Given the repeated false statements by Donald Trump questioning the integrity of the elections process in our country, the Alaskans leading the Trump campaign and the Alaska Republican Party should admit that they failed to place an ad for Trump in the election pamphlet mailed to Alaskans.
Instead, they are insinuating that the system is rigged against them, that the Division of Elections is incompetent or that the absence of the Trump ad shows a tilt toward Democrat Hillary Clinton.
These excuses, propagated through the GOP Facebook page, are to cover up a mistake by the Trump campaign and party leaders. There is no need for confusion about this.
Should a state employee at the Division of Elections have placed a call to the Trump campaign on Aug. 30 to ask, "Where's your ad and your $300?" Probably.
But the bigger question is why the Trump campaign, which has a long list of prominent GOP backers in Alaska, including former Lt. Govs. Mead Treadwell and Loren Leman and a handful of current and former legislators, didn't have anyone taking care of this simple bit of campaign business.
For more than 40 years, the rule in Alaska has been that candidates who wish to appear in the election pamphlet are responsible for submitting information about themselves. They don't need an invitation.
There are always some clueless candidates who don't get the message. The first election pamphlet, issued in 1974, said that "some candidates do not appear because they failed to meet a filing deadline" as outlined in the election code.
The current requirements are spelled out on page 12 of the handbook for candidates. "This is your only notice regarding filing materials for the official election pamphlet," the handbook says.
Candidates for president who wish to appear in the pamphlet have to pay $300 and submit a statement of up to 250 words, along with a photograph taken within the last five years.
There is a detailed packet on the state website for presidential campaigns that also contains the specifics. The Aug. 30 deadline for presidential elections has been in state law since 1998, so it should not have been a surprise to the veteran political operatives on the Trump campaign.
The law does not say that the Division of Elections must contact the presidential campaign thrice, twice or even once about buying a subsidized ad.
It says, "No later than August 30 of a presidential election year, candidates for the offices of the United States president and vice president may file with the lieutenant governor photographs and statements advocating their candidacy."
The Clinton campaign paid for an ad, as did the Constitution Party, independent candidate Rocky De La Fuente and the Green Party.
I understand that missing the election pamphlet deadline is embarrassing for the Trump campaign and the GOP.
But rather than admit that they goofed, the Trump campaign and the party of personal responsibility are trying to deflect the blame onto the Division of Elections and Lt. Gov. Byron Mallott.
The division sent a letter on Aug. 2 to the Republican National Committee, copied to Alaska GOP Chairman Tuckerman Babcock, with a reminder about the pamphlet and the Aug. 30 deadline.
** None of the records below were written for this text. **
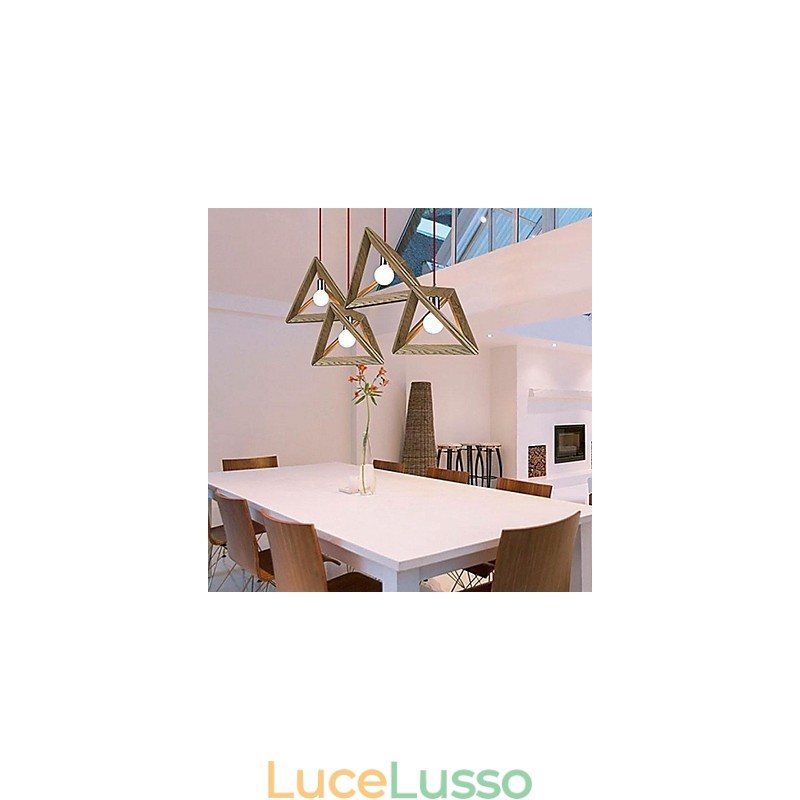 Lampade a sospensione 1 luce moderna semplice artistica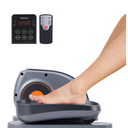 Under Desk Elliptical Exercise Machine, Mini Elliptical Leg Exerciser As Seen on TV, Electric Pedal Exerciser While Sitting for Seniors Adults, Elliptical Training Machines for Fitness with 12 Modes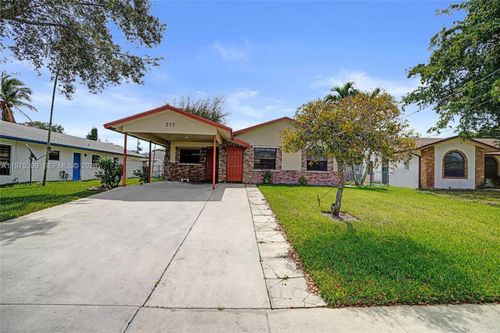 215 Nw 12th Ct, Dania Beach, FL, 33004-2637 | Card Image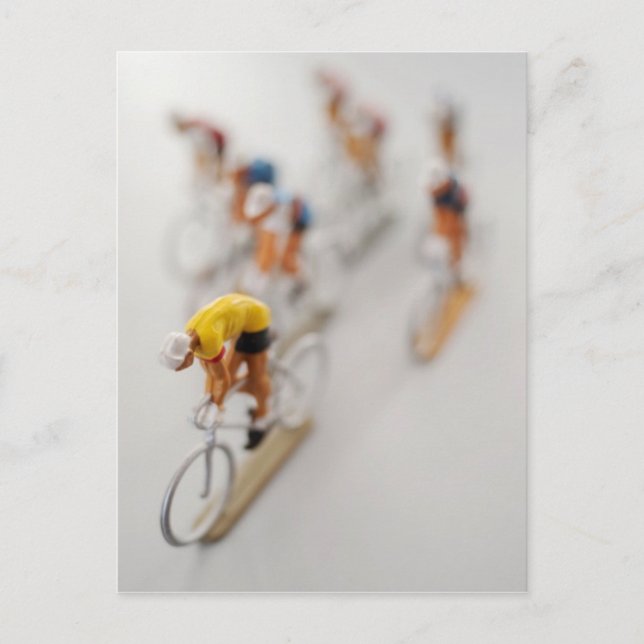 Modellcyklister Vykort (Framsida)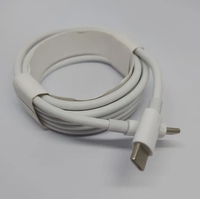 Grosir kualitas tinggi 3A pengisian cepat Tipe C ke kabel Data Tipe C dengan jaket PVC untuk earphone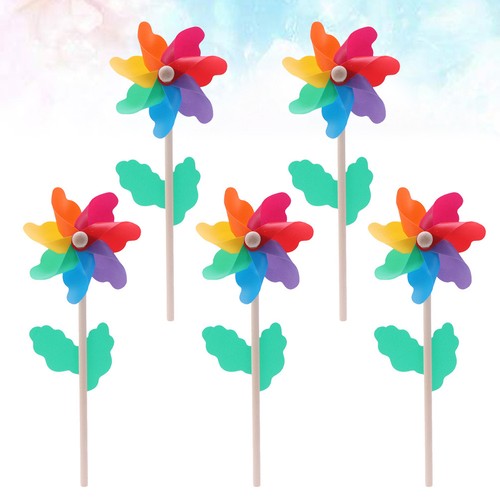 Pcs multicolored wooden - 5,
That should have been enough to get the Republican Party's attention.
A similar letter was sent Aug. 11 to the Democratic National Committee, with a copy to Alaska Democratic Chairwoman Kay Brown.
"It doesn't look like the division made any real effort to reach out to the Republican candidate," Jerry Ward, one of the Trump co-chairs in Alaska, complained in a post copied on the GOP Facebook page.
Apparently the folks in Trump Tower should have been directly invited by the state to submit the $300 subsidized ad, according to Ward.
Ward claimed he's hearing from furious people claiming that Mallott, who supervises the division, is "trying to suppress Republican voter turnout."
To be fair, the fury should be directed at the Trump campaign and the party leaders.
Trump was not the only candidate who did not advertise. The Division of Elections said it sent 157 letters to candidates and 12 did not respond, including 10 legislative candidates — four Republicans, three Democrats, one Alaskan Independence Party member and one independent.
The division said Monday that candidates who did not apply will be able to have themselves added to the online version of the pamphlet if they pay the fees and respond this week.
I don't know why this leniency is necessary. It certainly wasn't in 2014 when Bill Walker failed to file for an ad in time, but the Parnell administration arranged for a supplemental publication to compensate for Walker's mistake.
If you are going to run for office in Alaska and want a subsidized ad, I don't see why the state needs to invite you to do so. The deadlines are already in state law. Any candidate who doesn't meet the requirements should be left out.
And if you are going to run for president, the cost should be more than $300, a rate that hasn't gone up in 20 years. The state pays about $350,000 to compile, print and distribute the pamphlet.
At least one of the candidates who did not make it into the pamphlet handled this situation in a mature fashion.
Anchorage Republican Natasha von Imhof said an email that she thought had been sent was not delivered. She found out after returning from a fishing trip by which time the deadline has passed. "It was an unfortunate error on our part," she told her supporters.
That's all the Trump campaign and the Alaska Republican Party need to say.